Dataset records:
++++++++++++++++++++

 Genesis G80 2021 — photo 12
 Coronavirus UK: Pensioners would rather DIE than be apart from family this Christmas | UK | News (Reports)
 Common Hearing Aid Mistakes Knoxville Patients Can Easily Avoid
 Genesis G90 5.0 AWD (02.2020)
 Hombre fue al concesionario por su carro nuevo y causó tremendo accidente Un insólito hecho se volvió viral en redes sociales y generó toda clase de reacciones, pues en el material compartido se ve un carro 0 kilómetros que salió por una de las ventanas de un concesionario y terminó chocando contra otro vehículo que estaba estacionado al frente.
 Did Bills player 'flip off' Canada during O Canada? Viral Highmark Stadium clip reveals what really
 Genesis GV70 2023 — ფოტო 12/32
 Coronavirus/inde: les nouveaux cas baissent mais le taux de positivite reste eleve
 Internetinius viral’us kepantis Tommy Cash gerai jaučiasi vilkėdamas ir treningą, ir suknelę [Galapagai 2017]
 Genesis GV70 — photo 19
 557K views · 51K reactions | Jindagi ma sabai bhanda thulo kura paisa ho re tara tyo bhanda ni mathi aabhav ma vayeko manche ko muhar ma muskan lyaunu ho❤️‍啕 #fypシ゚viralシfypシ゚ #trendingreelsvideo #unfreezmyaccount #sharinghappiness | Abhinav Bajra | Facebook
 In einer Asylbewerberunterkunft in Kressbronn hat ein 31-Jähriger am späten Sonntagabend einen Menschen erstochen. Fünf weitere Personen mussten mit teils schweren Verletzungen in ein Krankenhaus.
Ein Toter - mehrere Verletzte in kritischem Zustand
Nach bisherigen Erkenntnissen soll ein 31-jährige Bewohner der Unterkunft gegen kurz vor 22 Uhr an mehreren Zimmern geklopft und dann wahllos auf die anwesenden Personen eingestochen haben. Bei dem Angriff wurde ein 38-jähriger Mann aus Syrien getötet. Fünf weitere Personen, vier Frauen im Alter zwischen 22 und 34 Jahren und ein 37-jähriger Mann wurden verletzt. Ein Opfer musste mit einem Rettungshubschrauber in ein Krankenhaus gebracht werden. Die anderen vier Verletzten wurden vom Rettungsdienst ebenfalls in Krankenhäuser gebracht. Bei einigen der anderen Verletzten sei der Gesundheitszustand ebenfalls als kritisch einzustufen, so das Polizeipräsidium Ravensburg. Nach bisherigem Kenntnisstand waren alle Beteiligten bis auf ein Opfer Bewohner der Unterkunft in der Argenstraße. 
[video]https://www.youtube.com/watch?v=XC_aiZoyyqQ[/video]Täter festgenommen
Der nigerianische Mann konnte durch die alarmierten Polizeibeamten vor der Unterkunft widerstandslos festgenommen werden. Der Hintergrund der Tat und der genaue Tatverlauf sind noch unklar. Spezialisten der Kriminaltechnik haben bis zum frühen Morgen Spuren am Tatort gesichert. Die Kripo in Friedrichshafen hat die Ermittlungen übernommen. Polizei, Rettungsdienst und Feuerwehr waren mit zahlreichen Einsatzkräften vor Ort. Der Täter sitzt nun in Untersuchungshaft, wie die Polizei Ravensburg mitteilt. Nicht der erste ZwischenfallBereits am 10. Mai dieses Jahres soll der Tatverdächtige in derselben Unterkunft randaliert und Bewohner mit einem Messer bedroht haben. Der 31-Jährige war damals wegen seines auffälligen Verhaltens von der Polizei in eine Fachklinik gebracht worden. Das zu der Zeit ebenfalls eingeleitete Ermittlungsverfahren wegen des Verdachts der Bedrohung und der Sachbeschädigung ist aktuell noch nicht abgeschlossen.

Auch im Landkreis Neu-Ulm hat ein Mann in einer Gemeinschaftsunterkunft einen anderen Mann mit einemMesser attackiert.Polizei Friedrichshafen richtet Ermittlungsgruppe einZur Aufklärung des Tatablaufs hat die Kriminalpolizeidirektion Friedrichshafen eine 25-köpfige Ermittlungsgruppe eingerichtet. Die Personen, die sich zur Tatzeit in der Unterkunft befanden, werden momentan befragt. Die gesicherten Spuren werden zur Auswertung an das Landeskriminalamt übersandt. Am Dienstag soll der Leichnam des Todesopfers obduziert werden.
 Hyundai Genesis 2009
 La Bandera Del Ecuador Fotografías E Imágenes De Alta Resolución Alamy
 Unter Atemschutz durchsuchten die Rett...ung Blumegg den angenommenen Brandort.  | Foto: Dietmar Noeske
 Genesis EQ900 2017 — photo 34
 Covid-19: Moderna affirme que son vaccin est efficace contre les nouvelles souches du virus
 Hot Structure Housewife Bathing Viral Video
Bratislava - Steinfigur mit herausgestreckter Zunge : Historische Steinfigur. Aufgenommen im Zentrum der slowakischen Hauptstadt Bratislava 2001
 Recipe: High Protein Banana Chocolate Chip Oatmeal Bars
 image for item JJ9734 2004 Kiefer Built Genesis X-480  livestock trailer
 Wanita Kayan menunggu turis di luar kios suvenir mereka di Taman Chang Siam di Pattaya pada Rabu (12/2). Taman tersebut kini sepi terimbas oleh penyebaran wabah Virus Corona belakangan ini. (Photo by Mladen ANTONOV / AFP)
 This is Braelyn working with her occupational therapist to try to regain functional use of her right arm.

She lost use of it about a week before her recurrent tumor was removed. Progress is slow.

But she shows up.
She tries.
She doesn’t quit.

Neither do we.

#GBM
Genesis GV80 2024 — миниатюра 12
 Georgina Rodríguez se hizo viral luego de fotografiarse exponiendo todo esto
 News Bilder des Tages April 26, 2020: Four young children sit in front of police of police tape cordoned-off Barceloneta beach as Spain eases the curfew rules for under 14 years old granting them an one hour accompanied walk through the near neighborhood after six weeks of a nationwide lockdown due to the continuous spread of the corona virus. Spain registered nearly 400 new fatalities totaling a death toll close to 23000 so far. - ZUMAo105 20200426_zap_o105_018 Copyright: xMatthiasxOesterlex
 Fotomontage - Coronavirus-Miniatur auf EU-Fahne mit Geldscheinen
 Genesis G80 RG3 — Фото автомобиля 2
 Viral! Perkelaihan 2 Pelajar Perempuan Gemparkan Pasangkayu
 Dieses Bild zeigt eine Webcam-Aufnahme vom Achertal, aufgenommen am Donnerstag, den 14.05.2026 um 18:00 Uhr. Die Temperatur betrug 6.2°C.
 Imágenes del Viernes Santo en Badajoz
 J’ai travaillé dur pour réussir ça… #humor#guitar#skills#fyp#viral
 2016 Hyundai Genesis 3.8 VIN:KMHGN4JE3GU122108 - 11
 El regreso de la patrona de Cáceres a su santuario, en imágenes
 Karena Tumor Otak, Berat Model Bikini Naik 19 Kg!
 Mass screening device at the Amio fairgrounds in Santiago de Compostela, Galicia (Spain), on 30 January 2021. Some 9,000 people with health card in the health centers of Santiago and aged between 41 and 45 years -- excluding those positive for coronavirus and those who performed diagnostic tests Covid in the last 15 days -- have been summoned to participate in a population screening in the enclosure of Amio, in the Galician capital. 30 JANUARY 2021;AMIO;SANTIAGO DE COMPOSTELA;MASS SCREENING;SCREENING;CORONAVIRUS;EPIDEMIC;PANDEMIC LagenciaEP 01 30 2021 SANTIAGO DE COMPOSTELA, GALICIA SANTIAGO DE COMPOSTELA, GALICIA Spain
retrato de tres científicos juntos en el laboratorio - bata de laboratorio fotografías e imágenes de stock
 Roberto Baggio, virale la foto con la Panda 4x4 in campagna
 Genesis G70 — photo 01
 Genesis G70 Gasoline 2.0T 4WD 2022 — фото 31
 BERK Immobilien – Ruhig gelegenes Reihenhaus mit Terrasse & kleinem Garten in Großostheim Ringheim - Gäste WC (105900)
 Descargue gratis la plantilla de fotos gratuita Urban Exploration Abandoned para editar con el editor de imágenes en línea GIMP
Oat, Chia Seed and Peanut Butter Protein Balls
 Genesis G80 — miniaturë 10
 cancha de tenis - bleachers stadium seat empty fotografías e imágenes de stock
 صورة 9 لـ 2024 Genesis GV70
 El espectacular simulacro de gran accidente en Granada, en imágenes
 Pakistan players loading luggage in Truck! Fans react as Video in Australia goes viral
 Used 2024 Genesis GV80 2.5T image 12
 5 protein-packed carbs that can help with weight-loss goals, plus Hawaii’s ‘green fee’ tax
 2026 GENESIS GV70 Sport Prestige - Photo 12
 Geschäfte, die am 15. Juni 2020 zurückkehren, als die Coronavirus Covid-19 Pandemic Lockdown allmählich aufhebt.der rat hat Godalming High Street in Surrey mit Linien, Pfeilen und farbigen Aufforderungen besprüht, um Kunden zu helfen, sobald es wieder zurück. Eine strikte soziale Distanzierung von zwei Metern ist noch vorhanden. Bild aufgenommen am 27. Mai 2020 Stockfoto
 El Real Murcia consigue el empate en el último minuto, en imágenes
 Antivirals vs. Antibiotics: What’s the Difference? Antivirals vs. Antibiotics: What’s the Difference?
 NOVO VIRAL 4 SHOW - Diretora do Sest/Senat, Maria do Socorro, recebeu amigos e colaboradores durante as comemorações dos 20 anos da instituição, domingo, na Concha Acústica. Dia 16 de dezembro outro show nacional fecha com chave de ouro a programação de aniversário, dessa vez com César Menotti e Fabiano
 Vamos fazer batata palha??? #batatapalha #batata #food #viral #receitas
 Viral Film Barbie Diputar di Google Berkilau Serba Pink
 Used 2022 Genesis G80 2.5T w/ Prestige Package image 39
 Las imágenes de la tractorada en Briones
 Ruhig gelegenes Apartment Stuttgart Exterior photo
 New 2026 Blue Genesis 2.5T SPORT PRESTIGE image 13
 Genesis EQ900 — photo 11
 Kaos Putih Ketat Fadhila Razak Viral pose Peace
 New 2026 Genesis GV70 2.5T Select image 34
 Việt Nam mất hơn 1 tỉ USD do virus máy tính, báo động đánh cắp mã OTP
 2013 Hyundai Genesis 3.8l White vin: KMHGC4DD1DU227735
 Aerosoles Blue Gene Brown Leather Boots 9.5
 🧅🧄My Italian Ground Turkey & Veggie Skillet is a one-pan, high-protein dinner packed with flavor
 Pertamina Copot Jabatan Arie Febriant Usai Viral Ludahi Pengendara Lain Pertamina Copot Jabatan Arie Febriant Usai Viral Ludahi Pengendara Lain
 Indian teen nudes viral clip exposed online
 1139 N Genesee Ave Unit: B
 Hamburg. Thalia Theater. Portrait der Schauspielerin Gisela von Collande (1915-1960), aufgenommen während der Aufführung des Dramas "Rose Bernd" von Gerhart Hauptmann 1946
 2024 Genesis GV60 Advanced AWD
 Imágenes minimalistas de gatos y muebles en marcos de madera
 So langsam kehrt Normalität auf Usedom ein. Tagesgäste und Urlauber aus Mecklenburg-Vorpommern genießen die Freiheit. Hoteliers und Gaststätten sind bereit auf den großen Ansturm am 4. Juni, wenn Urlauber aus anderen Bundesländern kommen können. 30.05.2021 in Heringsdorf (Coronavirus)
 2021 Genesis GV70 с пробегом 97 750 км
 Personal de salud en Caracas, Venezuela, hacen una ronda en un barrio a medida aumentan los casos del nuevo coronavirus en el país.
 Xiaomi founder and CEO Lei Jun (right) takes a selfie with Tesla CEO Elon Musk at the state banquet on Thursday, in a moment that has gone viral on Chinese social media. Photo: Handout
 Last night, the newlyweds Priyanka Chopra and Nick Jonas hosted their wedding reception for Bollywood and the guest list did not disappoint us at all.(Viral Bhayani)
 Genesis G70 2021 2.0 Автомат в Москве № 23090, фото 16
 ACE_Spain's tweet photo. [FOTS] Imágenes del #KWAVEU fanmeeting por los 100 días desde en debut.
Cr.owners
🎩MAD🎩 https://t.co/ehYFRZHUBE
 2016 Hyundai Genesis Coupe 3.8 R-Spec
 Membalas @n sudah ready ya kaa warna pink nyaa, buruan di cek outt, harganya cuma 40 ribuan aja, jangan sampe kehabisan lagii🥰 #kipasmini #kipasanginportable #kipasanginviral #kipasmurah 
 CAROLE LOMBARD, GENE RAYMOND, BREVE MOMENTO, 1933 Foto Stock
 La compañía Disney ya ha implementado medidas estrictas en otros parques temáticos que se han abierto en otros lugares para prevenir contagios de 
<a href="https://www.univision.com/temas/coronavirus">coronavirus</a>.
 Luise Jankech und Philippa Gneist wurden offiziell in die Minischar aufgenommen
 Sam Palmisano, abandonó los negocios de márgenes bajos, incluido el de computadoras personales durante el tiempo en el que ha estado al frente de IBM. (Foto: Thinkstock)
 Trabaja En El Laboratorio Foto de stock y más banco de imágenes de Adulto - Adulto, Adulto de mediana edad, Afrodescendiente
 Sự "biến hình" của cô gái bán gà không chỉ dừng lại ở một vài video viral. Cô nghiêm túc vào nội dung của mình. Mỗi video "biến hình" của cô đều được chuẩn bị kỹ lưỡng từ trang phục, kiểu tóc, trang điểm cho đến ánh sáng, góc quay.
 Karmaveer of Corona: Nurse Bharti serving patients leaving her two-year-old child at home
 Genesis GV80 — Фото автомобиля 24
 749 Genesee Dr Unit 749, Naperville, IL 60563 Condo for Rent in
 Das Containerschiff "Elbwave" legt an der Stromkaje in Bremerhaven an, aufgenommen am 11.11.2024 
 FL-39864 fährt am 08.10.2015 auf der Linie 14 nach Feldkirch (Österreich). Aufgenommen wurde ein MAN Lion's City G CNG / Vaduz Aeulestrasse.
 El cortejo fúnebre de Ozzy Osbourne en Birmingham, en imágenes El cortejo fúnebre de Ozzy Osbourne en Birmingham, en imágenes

++++++++++++++++++++

Aim of the exercise: All that is wanted is the stretch of lines above from the one containing "Imágenes del Viernes Santo en Badajoz" through the one containing "صورة 9 لـ 2024 Genesis GV70", duplicated exactly.

Task output:
 Imágenes del Viernes Santo en Badajoz
 J’ai travaillé dur pour réussir ça… #humor#guitar#skills#fyp#viral
 2016 Hyundai Genesis 3.8 VIN:KMHGN4JE3GU122108 - 11
 El regreso de la patrona de Cáceres a su santuario, en imágenes
 Karena Tumor Otak, Berat Model Bikini Naik 19 Kg!
 Mass screening device at the Amio fairgrounds in Santiago de Compostela, Galicia (Spain), on 30 January 2021. Some 9,000 people with health card in the health centers of Santiago and aged between 41 and 45 years -- excluding those positive for coronavirus and those who performed diagnostic tests Covid in the last 15 days -- have been summoned to participate in a population screening in the enclosure of Amio, in the Galician capital. 30 JANUARY 2021;AMIO;SANTIAGO DE COMPOSTELA;MASS SCREENING;SCREENING;CORONAVIRUS;EPIDEMIC;PANDEMIC LagenciaEP 01 30 2021 SANTIAGO DE COMPOSTELA, GALICIA SANTIAGO DE COMPOSTELA, GALICIA Spain
retrato de tres científicos juntos en el laboratorio - bata de laboratorio fotografías e imágenes de stock
 Roberto Baggio, virale la foto con la Panda 4x4 in campagna
 Genesis G70 — photo 01
 Genesis G70 Gasoline 2.0T 4WD 2022 — фото 31
 BERK Immobilien – Ruhig gelegenes Reihenhaus mit Terrasse & kleinem Garten in Großostheim Ringheim - Gäste WC (105900)
 Descargue gratis la plantilla de fotos gratuita Urban Exploration Abandoned para editar con el editor de imágenes en línea GIMP
Oat, Chia Seed and Peanut Butter Protein Balls
 Genesis G80 — miniaturë 10
 cancha de tenis - bleachers stadium seat empty fotografías e imágenes de stock
 صورة 9 لـ 2024 Genesis GV70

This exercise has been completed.